ASSIGNMENT
What you return must be the lines of the data that hold the word "Print".

DATA UNDER STUDY
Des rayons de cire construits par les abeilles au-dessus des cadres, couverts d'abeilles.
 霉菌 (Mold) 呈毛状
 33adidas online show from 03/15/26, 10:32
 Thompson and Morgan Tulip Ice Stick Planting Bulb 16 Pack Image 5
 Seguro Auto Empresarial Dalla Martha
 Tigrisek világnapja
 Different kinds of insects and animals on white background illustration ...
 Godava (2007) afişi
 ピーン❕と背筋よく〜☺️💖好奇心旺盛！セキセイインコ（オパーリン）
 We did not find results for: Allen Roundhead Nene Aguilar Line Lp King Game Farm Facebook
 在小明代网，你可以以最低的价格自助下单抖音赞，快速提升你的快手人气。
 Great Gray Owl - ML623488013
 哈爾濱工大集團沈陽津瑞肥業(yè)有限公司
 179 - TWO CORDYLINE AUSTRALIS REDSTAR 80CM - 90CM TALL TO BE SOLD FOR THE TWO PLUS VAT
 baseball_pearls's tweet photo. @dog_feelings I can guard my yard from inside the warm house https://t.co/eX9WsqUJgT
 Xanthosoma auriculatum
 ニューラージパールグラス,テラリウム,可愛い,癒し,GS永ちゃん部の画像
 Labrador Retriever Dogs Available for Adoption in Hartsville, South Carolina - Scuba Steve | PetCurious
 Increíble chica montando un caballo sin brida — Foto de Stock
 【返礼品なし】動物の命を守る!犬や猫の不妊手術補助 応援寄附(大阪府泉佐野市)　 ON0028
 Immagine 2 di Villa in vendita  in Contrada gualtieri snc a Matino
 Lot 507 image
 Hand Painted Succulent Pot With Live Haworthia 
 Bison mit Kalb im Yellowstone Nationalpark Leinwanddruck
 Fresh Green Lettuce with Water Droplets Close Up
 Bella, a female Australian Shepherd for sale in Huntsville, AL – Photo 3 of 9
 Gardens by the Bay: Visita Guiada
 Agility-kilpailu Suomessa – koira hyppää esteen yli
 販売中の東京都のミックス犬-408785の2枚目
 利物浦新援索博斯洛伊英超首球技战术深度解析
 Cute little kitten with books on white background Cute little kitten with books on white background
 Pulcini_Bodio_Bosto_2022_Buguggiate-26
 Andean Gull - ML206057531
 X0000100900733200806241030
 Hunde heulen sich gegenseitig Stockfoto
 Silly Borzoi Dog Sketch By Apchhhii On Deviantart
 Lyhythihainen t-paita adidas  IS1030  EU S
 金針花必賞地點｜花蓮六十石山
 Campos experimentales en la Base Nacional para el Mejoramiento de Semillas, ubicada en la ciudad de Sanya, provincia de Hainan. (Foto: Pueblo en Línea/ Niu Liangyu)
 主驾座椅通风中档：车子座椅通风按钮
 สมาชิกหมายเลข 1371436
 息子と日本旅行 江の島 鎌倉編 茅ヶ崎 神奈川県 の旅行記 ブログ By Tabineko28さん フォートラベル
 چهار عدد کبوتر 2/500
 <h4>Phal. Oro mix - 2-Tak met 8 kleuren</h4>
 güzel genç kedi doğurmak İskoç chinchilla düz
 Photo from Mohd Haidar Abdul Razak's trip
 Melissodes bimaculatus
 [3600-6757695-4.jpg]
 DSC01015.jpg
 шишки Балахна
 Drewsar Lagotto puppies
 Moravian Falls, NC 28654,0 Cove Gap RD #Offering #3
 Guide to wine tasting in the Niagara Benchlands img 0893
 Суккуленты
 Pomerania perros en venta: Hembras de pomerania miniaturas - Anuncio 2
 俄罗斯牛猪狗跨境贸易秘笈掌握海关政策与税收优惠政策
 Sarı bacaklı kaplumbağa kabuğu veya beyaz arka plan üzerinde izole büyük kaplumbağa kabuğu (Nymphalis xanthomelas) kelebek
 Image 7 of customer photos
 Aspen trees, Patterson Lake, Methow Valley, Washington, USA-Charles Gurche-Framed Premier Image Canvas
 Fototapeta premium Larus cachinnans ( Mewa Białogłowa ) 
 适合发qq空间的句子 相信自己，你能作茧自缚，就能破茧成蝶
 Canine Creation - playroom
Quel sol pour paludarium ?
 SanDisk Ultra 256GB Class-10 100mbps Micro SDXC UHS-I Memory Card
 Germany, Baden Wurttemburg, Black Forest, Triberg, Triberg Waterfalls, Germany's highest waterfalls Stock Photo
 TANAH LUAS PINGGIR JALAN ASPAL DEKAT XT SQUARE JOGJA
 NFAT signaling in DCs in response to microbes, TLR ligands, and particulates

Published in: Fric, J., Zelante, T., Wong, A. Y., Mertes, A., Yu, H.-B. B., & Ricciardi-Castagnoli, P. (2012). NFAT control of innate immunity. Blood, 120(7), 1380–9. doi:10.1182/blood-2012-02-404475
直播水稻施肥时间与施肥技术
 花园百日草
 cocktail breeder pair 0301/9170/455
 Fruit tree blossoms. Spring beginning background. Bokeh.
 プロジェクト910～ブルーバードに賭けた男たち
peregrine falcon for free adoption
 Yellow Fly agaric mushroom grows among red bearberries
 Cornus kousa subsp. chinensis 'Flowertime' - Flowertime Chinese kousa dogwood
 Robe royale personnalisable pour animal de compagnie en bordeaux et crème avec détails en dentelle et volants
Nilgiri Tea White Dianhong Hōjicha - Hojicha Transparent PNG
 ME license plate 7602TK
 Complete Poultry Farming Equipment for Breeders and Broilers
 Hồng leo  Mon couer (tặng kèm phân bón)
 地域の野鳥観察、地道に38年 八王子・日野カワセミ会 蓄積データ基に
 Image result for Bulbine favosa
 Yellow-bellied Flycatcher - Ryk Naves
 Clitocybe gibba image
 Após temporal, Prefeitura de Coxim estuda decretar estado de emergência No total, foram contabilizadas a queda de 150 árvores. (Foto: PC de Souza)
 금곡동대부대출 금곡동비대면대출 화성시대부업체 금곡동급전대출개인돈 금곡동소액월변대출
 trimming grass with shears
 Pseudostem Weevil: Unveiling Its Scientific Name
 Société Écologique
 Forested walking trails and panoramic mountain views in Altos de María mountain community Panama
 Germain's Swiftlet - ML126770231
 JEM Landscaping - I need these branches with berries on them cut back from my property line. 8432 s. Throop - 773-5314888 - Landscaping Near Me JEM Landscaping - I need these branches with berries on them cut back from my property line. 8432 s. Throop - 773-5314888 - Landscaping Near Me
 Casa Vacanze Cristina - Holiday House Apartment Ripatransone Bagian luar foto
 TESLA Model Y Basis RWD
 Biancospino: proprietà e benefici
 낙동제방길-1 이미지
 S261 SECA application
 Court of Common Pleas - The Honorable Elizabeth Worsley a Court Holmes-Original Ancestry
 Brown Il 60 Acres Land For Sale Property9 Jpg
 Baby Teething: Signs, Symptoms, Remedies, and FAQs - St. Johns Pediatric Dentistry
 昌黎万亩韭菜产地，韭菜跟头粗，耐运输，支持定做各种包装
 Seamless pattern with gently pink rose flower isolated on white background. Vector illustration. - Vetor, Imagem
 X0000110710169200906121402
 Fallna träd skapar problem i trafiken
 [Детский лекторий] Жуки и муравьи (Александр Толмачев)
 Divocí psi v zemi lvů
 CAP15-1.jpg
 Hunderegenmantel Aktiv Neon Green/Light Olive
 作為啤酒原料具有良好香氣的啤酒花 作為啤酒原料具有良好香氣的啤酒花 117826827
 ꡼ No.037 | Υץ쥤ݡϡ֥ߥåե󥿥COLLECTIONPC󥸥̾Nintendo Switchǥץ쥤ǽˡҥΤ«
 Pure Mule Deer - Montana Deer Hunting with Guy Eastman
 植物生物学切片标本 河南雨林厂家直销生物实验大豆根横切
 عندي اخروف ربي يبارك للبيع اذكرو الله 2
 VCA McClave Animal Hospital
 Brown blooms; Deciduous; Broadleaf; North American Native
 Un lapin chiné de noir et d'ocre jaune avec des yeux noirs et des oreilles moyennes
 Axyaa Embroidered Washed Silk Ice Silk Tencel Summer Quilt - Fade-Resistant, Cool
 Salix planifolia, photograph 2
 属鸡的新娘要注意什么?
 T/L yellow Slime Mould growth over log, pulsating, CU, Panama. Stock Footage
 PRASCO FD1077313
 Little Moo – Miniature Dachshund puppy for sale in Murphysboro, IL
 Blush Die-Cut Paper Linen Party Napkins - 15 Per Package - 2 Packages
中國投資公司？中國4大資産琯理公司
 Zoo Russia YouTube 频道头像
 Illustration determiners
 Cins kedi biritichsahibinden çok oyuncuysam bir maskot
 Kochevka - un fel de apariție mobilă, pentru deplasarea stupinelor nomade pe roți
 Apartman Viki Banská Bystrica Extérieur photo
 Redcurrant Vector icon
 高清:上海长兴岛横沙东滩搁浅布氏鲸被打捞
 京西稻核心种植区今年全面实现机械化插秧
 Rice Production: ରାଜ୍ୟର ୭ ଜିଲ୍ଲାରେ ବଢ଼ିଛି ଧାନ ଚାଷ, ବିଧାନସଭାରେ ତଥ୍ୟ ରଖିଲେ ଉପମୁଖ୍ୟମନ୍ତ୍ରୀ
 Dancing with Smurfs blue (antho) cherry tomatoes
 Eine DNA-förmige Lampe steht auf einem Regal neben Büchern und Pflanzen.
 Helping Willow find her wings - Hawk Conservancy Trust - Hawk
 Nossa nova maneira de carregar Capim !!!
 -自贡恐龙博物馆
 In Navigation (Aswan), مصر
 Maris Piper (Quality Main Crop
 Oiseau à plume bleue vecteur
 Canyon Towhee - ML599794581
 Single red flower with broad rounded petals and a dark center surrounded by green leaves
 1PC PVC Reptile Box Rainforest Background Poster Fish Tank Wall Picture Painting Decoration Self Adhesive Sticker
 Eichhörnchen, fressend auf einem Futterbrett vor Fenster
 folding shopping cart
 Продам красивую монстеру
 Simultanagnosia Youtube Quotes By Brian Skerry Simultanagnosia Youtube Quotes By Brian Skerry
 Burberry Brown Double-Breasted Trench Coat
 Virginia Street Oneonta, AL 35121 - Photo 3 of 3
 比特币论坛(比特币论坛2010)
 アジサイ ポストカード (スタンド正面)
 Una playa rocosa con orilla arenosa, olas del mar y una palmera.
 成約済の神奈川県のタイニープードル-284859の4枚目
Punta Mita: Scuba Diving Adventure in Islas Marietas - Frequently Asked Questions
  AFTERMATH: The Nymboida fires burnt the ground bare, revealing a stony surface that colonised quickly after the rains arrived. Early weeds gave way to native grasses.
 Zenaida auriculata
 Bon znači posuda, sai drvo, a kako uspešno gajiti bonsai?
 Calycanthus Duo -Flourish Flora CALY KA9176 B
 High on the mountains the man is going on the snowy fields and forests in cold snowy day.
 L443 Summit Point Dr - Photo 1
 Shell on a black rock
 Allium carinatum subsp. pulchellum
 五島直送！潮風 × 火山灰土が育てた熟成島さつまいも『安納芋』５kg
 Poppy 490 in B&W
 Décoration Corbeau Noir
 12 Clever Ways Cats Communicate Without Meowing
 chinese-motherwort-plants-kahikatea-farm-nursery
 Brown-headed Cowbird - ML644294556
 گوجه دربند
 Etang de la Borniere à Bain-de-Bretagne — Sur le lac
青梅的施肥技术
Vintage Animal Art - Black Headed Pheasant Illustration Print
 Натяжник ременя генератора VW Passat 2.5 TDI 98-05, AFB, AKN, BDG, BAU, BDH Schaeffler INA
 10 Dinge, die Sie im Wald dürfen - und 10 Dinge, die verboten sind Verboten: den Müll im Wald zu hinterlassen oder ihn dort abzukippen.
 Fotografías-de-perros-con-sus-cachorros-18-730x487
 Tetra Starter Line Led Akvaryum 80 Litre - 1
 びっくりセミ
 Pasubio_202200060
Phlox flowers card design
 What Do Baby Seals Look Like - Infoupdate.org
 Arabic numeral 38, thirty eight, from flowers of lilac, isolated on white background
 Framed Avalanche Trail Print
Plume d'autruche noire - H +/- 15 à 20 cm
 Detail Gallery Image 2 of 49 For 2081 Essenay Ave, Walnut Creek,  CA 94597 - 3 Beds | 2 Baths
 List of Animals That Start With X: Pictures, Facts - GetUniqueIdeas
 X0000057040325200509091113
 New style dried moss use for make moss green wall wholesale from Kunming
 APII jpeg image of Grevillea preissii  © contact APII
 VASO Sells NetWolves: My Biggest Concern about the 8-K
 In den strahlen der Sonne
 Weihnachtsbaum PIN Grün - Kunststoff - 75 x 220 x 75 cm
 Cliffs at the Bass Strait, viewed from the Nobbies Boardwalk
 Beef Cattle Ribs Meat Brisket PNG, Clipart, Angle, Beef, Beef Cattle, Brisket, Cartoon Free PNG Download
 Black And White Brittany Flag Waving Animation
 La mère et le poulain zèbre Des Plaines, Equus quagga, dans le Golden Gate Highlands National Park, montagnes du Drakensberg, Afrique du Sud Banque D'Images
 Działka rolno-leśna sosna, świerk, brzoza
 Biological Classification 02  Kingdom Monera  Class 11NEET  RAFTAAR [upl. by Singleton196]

SOLUTION
Vintage Animal Art - Black Headed Pheasant Illustration Print
 Framed Avalanche Trail Print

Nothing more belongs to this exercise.